Tutorials on classic dimensionality reduction techniques using tailored basis (SVD) and generic basis (Fourier and Wavelets).
In this Jupyter Notebook, we will first perform Singular Value Decomposition (SVD) on a single image and generate the approximations using a few numbers of leading basis, k. As the number of leading basis that are included to generate the approximation increases, so will the quality of the image and the amount of memory needed.
We can observe in the image above that as k increases, more details are available in the approximation. When k=100 (out of 480), even the smaller channels are reproduced well. This suggests that an image may contain redundant information (i.e. compressible) that can be compactly summarized into few key components and in this case when SVD is used, those components are the tailored basis given by the U which represents a low-dimensional pattern space that is obtained through a coordinate transformation from the high-dimensional space.
The tailored basis can also be learnt from a collection of images with rich features. As an example, we will perform SVD on the (pre-processed) digit MNIST dataset to obtain learnt basis U. In the figure above, we visualize the first 100 columns within U where the reshaped columns represent feature spaces that are ranked according to the variance. The leading basis contain large features while the non-leading ones contain smaller features.
The matrix U contains orthonormal basis that are ordered according to the amount of variance in the columns of the digit MNIST dataset (in this case, the dimension is (28x28)xN where each column represents a flattened 2D image). As such, when the high-dimensional images are projected onto the low-dimensional feature spaces, we can expect that the leading basis will provide distinguishing power between the images, especially when they contain very different features. In the figure above, the low-rank representations for N data points are visualized (and color-coded by class label) in a scatter plot of z1 vs z2 where different class of digits form different clusters. Naturally, plotting a scatter of representations in non-leading feature spaces (i.e higher zs) will not give you clear clustering between the images from different class labels.
Suppose we retain only the leading k singular values and vectors and use them for approximation, the figure above shows some samples of the rank-k approximation compared with the original image. In other words, once the matrix U is learnt, the coefficients (sometimes called projections or low-rank representations) can be manipulated for several applications.
To demonstrate this, we take the image we have used earlier and crop into a 28x28 image. Then the cropped image is projected onto the low-dimensional pattern space and reconstructed, using the learnt matrix U from the digit MNIST dataset. We can see that as k increases, the reconstruction quality improves as there are richer features that are present to reconstruct the features in the channel image.

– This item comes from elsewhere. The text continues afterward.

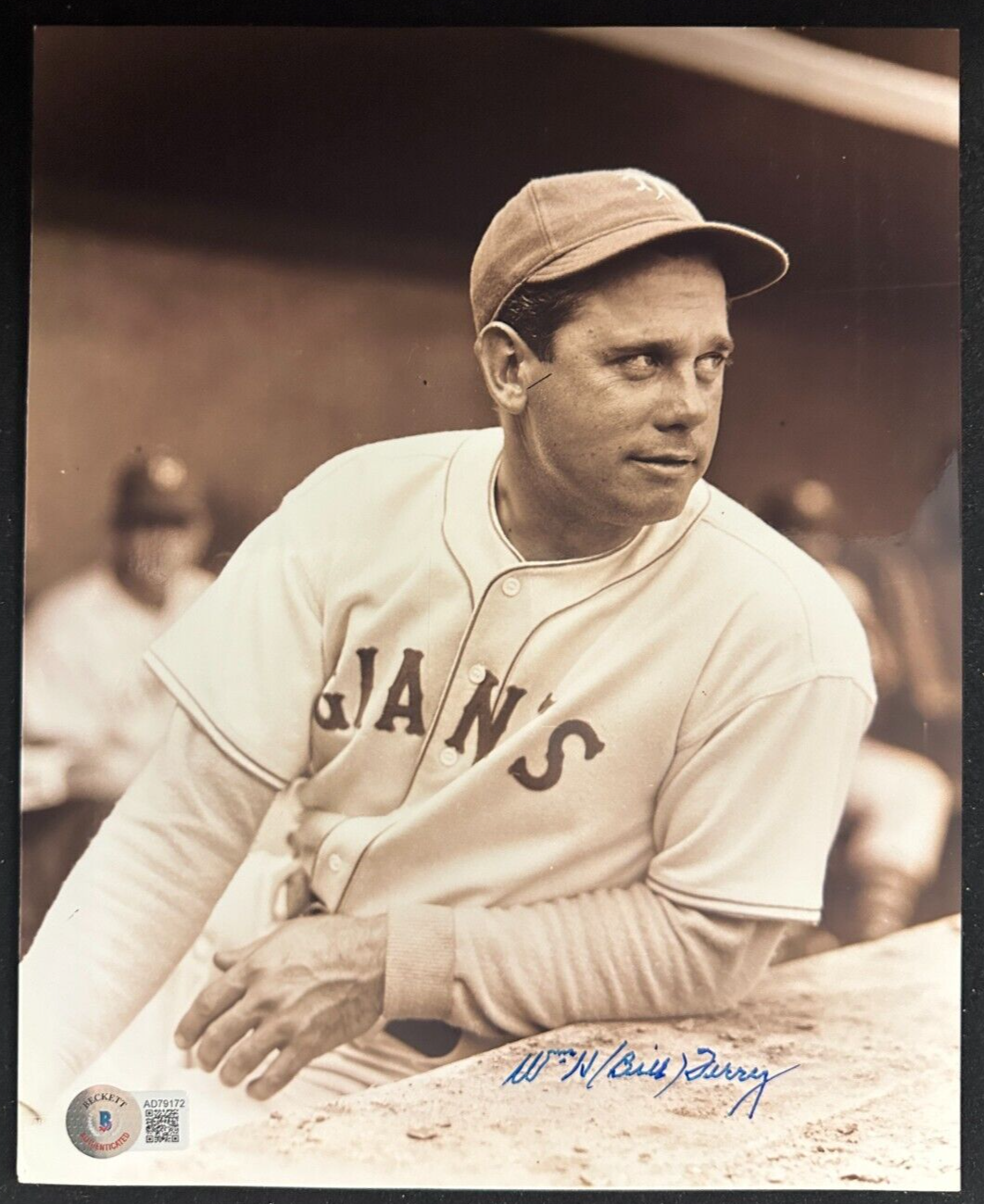 Bill Terry Autographed 8x10 Photo New York Giants BAS HOF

In this Jupyter Notebook we will perform dimensionality reduction of 2D image using Fast Fourier Transform (FFT) and multilevel Discrete Wavelet Transform (DWT). For FFT, we will use the built-in FFT routine in NumPy where np.fft.fft2 will perform row-wise FFT on the image and subsequently a column-wise FFT to give a 2D discretized Fourier transform.
We can then experiment with different levels of thresholding (i.e. sort and retain only the top k percent) on the transform matrix. The thresholded transform matrix is then used as an input to the inverse FFT routine np.fft.ifft2 to obtain the approximated image. In the figure above, we can observe the effect of k on the reconstructed (i.e compressed) image.

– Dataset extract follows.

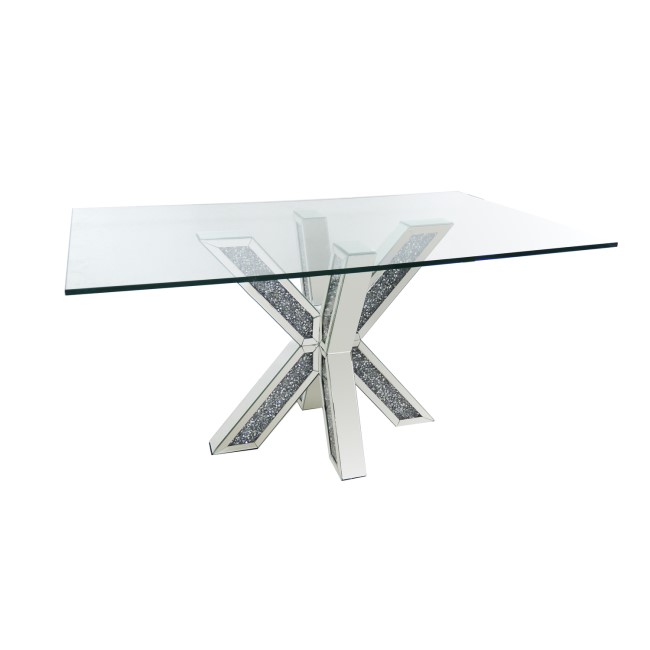 Large Rectangle Glass Top Chrome Dining Table - Seats 6 - Jade Boutique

For DWT, we will use the PyWavelets library where the function pywt.wavedec2 will perform multi-level DWT on the image to give a list of coefficients by level (in this case, we use three levels). To visualize the multi-level decomposition, we normalize each level independently and use pywt.coeffs_to_array to tile the normalized coefficients into the original image dimension as we can see in the top right image in the figure above. The bottom right image represents the non-normalized coefficients. Since wavelet multi-level decomposition is hierarchical, the first level represents the low resolution component while the other levels will provide additional details.
In other words, all the cofficients can be used to reconstruct the full original image. For compression purposes, similar to FFT, we can experiment with different levels of thresholding (i.e. sort and retain only the top k percent) on the coefficients. The function pywt.waverec2 is then used on the thresholded coefficients to reconstruct the image approximation. We can now compare the approximations from FFT and DWT!